The constant messages, during the Pinochet dictatorship, denigrating all forms of organisation with political connotations, also undermined the appeal of trade unions, and encouraged Chileans to organise themselves primarily as consumers.

Herrera saw an additional major factor in the anti-union practices of many employers, who prefer to pay fines and face wage conflicts rather than allow their workers to organise.

Under the left-leaning administrations currently governing Argentina, Brazil, Chile and Uruguay, trade unions have mainly focused on improving salaries, which have fallen owing to the series of economic crises in the region since the 1980s.

Joao Carlos Gonçalves, secretary-general of Força Sindical, the second largest Brazilian workers organisation after the Unified Workers’ Confederation (CUT-Brazil), pointed to the achievement of salary increases above the rate of inflation, but also said that because the economic model of fiscal stability has not been modified, the unemployment rate is high, especially among young people.

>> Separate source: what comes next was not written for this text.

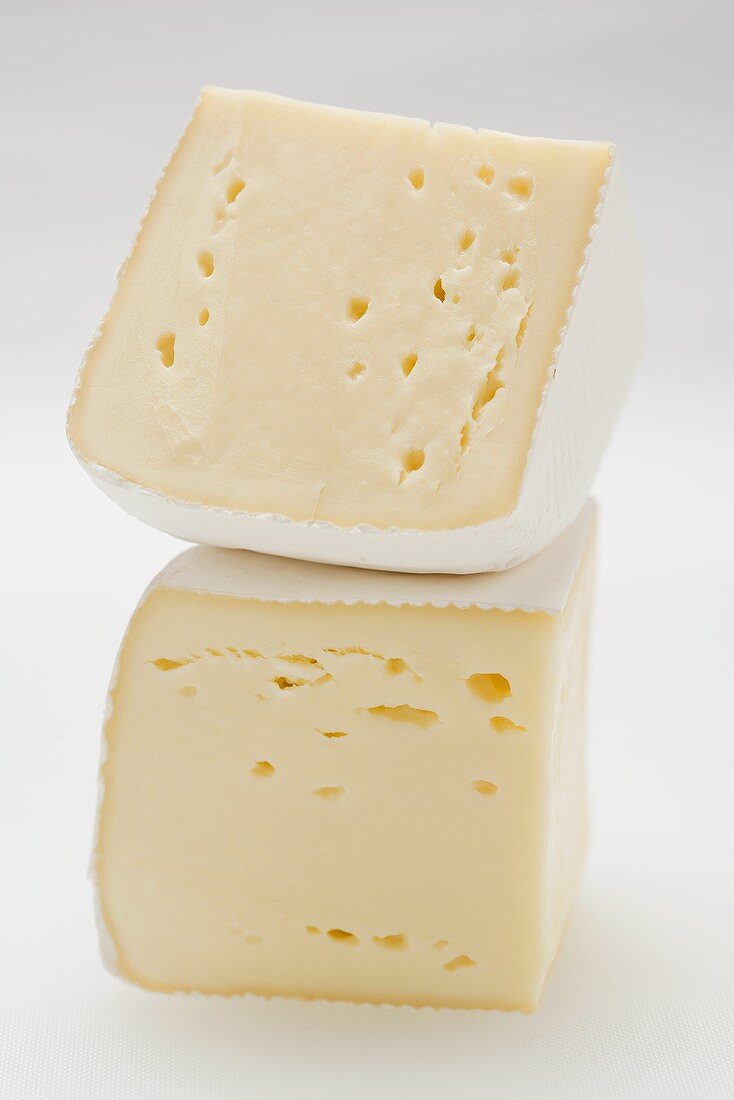Butterkäse cheese (two pieces, stacked)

But during Lula’s administration, tripartite negotiating conditions involving the government, unions and employers have improved, and the troubles of the unemployed have been alleviated by government Solidarity Centres, which help people obtain government subsidies and social assistance.

Brazil’s president is the only one in the Southern Cone region to have been a union organiser in the past. The Brazilian minister of Labour, Luiz Marinho, was formerly president of the CUT, and Uruguay also has a former union leader in the ministerial cabinet.

In Argentina, the governing Justicialista (Peronist) Party has a long tradition of close relations with the unions, and embraces a number of different ideological currents. However, left-leaning President Néstor Kirchner has not given preferential treatment to the historic General Labour Confederation (CGT), which continues to unite the powerful industrial unions.

Kirchner has smooth relations with the Argentine Workers’ Centre, a newer, more progressive and up-to-date confederation representing teachers, public employees, pensioners, the unemployed, workers in reclaimed factories, and prostitutes, as well as a variety of other kinds of workers.